Print the complete set of entries exactly.

----- Information -----

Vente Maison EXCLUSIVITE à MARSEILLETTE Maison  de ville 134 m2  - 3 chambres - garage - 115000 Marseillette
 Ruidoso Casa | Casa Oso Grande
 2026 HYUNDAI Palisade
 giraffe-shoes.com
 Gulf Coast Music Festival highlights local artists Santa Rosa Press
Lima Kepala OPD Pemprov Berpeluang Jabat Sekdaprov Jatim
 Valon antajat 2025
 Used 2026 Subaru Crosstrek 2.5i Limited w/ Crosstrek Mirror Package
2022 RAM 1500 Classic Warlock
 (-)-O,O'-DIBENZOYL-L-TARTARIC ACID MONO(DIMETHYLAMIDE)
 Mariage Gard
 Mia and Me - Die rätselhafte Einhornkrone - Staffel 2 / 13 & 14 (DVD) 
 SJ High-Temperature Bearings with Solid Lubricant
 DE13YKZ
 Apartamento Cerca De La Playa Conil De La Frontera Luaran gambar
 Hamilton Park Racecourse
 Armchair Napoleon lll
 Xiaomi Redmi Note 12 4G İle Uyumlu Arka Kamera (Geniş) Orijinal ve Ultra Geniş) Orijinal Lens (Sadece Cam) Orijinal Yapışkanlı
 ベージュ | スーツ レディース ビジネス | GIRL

-----

> Written answer:
Vente Maison EXCLUSIVITE à MARSEILLETTE Maison  de ville 134 m2  - 3 chambres - garage - 115000 Marseillette
 Ruidoso Casa | Casa Oso Grande
 2026 HYUNDAI Palisade
 giraffe-shoes.com
 Gulf Coast Music Festival highlights local artists Santa Rosa Press
Lima Kepala OPD Pemprov Berpeluang Jabat Sekdaprov Jatim
 Valon antajat 2025
 Used 2026 Subaru Crosstrek 2.5i Limited w/ Crosstrek Mirror Package
2022 RAM 1500 Classic Warlock
 (-)-O,O'-DIBENZOYL-L-TARTARIC ACID MONO(DIMETHYLAMIDE)
 Mariage Gard
 Mia and Me - Die rätselhafte Einhornkrone - Staffel 2 / 13 & 14 (DVD) 
 SJ High-Temperature Bearings with Solid Lubricant
 DE13YKZ
 Apartamento Cerca De La Playa Conil De La Frontera Luaran gambar
 Hamilton Park Racecourse
 Armchair Napoleon lll
 Xiaomi Redmi Note 12 4G İle Uyumlu Arka Kamera (Geniş) Orijinal ve Ultra Geniş) Orijinal Lens (Sadece Cam) Orijinal Yapışkanlı
 ベージュ | スーツ レディース ビジネス | GIRL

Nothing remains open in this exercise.